Searching for arbitrary portions of a date at EXPLAIN EXTENDED

I have a Ruby on Rails application with a PostgreSQL database; several tables have created_at and updated_at timestamp attributes.

When displayed, those dates are formatted in the user's locale; for example, the timestamp 2009-10-15 16:30:00.435 becomes the string 15.10.2009 - 16:30 (the date format for this example being dd.mm.yyyy - hh.mm).

The requirement is that the user must be able to search for records by date, as if they were strings formatted in the current locale.

For example, searching for 15.10.2009 would return records with dates on October 15th 2009; searching for 15.10 would return records with dates on October 15th of any year, searching for 15 would return all dates that match 15 (be it day, month or year).

The simplest solution would be just retrieve the locale string from the client, format the dates according to that string and search them using LIKE or ~ operators (the latter, as we all know, searches for POSIX regular expressions).

However, this would be not very efficient.
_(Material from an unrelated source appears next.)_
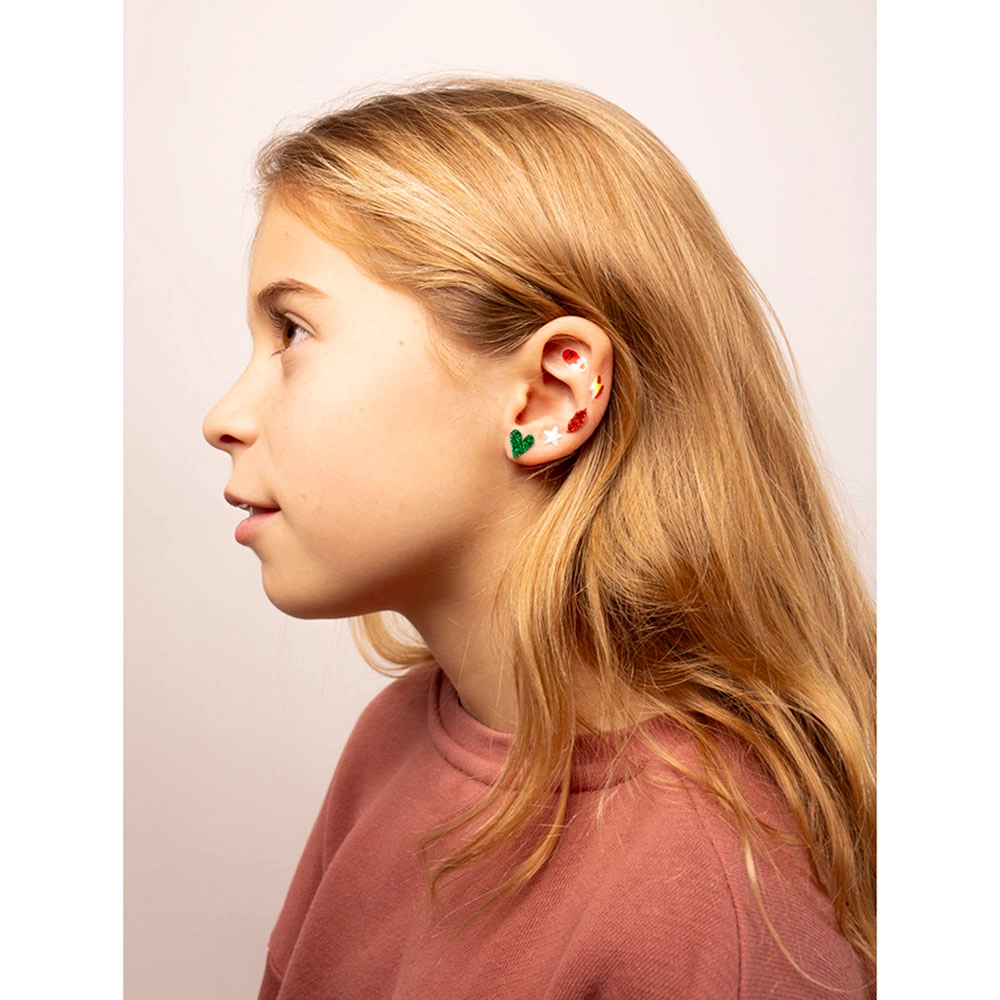 Lily Sticker Book Earrings 104 pcs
Let's create a sample table and see:

Table creation details

CREATE TABLE t_dates (
        id INT NOT NULL PRIMARY KEY,
        date TIMESTAMP NOT NULL,
        name VARCHAR(20) NOT NULL,
        stuffing VARCHAR(200) NOT NULL
);

CREATE INDEX ix_dates_date ON t_dates (date);

CREATE INDEX ix_dates_parts ON t_dates
USING GIN((
        ARRAY[
        DATE_PART('year', date)::INTEGER,
        DATE_PART('year', date)::INTEGER % 100,
        DATE_PART('month', date)::INTEGER,
        DATE_PART('day', date)::INTEGER,
        DATE_PART('hour', date)::INTEGER,
        (DATE_PART('hour', date)::INTEGER + 1) % 12 + 1,
        DATE_PART('minute', date)::INTEGER,
        DATE_PART('second', date)::INTEGER
        ]
        ));

SELECT  SETSEED(0.20100202);

INSERT
INTO    t_dates (id, date, name, stuffing)
SELECT  id,
        TO_TIMESTAMP('2010-02-02', 'YYYY-MM-DD') -
        (id || ' hour')::INTERVAL +
        (FLOOR(RANDOM() * 1800) || ' second')::INTERVAL,
        'Date ' || id, 
        RPAD('', 200, '*')
FROM    generate_series(1, 1000000) id;

This query contains 1,000,000 records with random timestamps spanning more than 114 years.

Assuming that the client's date format is set to dd.mm.yy hh24.mi.ss, let's try to select the number of records that satisfy this string: '20.12'. We are also assuming that the beginning of string and the end of string are the field separators as well:

SELECT  COUNT(*)
FROM    t_dates
WHERE   TO_CHAR(date, 'dd.mm.yy hh24.mi.ss') ~ E'(^|[^\\d])20\\.12([^\\d]|$)'

count
4235
1 row fetched in 0.0001s (7.9138s)

Aggregate  (cost=47262.58..47262.59 rows=1 width=0)
  ->  Seq Scan on t_dates  (cost=0.00..47258.97 rows=1444 width=0)
        Filter: (to_char(date, 'dd.mm.yy hh24.mi.ss'::text) ~ '(^|[^\\d])20\\.12([^\\d]|$)'::text)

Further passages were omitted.